Ich muss schon wieder mit Medienkritik anfangen: „L’amour toujours“ von Gigi D’Agostino ist nicht verboten, es wird nicht verboten, niemand sprach jemals darüber, es zu verbieten. Und daran ändert es nichts, wenn noch so viele (durchaus auch seriöse) Medien wieder und wieder von einem „Verbot“ des Liedes schreiben, weil es so schön in die Überschrift passt.

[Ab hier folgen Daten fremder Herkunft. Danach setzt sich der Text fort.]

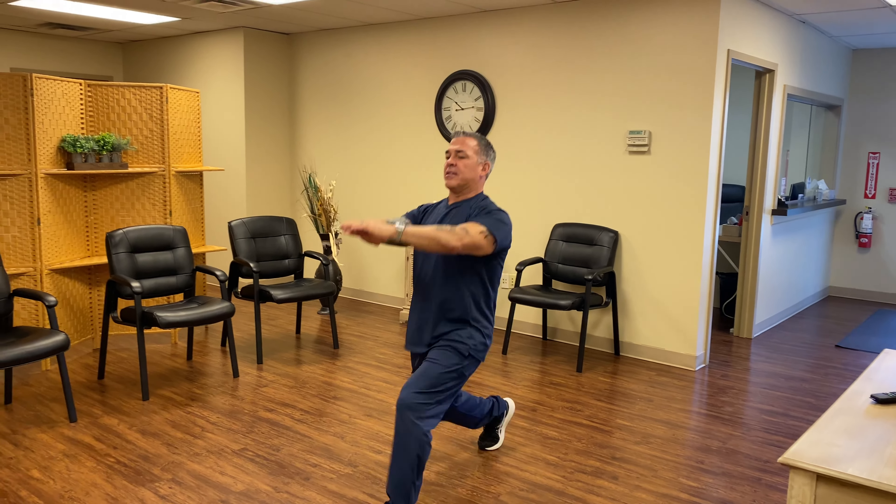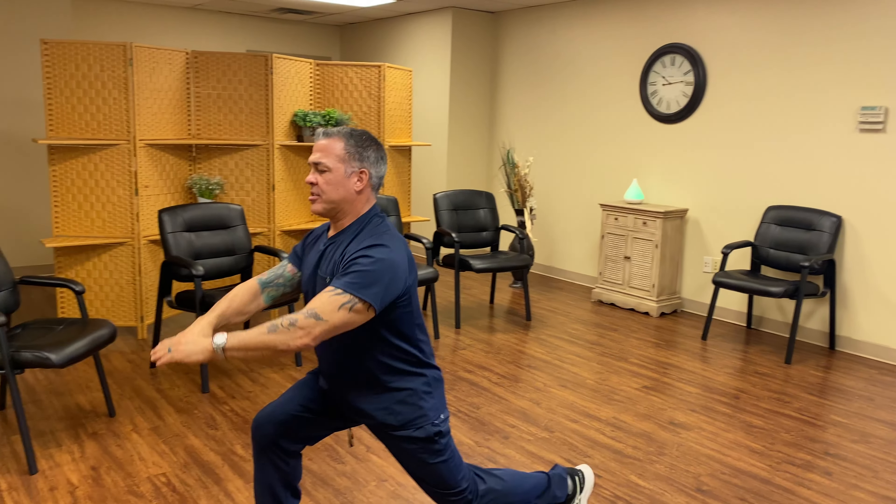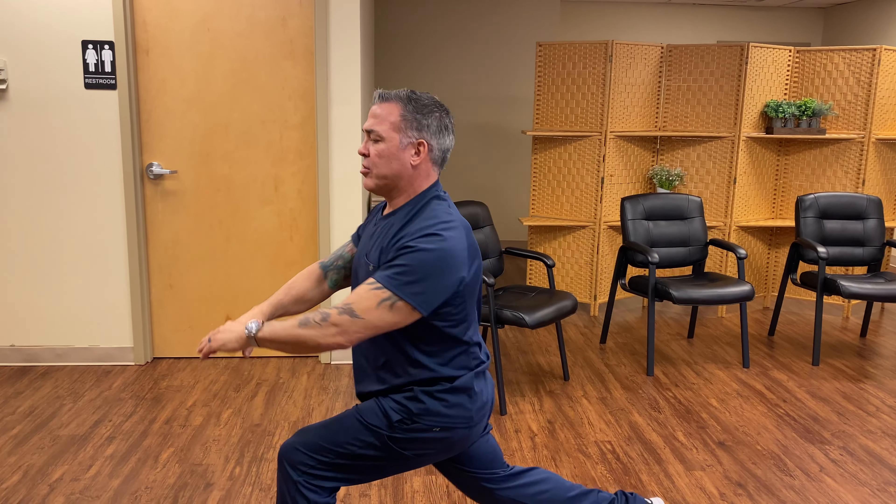Then I'll move on to my second one. I'll do a lunge and a twist. I'll come up, lunge and a twist, and I will go up and down the room, or you can do your driveway or the backyard or however you want to do it.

Wahr ist, dass bisher keine Regierung, keine Behörde, kein Amt dieses Lied verbietet. Wahr ist aber auch, dass es immer mehr Veranstalter, immer mehr DJs gibt, die dieses Lied bei bestimmten Anlässen jetzt nicht spielen wollen. Wegen des berüchtigten „Sylt-Videos“. Und das kann ich verstehen: Wer dieser Tage „L’amour toujours“ in einem Bierzelt voller junger Leute auflegt, wird riskieren, dass Leute rechte Parolen dazu singen – vielleicht nur, weil sie das cool oder witzig finden, erst Recht mit etwas zu viel Alkohol im Schädel. Dann aber hätten wir den nächsten Fall in den Medien, und dann hört der Spaß halt auf. Ich gebe zu, auf mich wirkte es klar ironisch, als die Galatasaray-Fans in Stuttgart „Ausländer raus“ zu Gigi D’Agostino riefen, als sie die türkische Meisterschaft feierten. Doch der Staatsschutz ermittelt jetzt trotzdem. Wenn sich ein Festzeltwirt oder ein DJ das nicht antun will, kann ich das verstehen. Aber noch einmal: Das ist kein Verbot, und ich höre, dass der Song zum Beispiel auch in Fitnessstudios läuft – wo eben niemand laut mitsingt und schon gar nicht mit ausländerfeindlichen Parolen.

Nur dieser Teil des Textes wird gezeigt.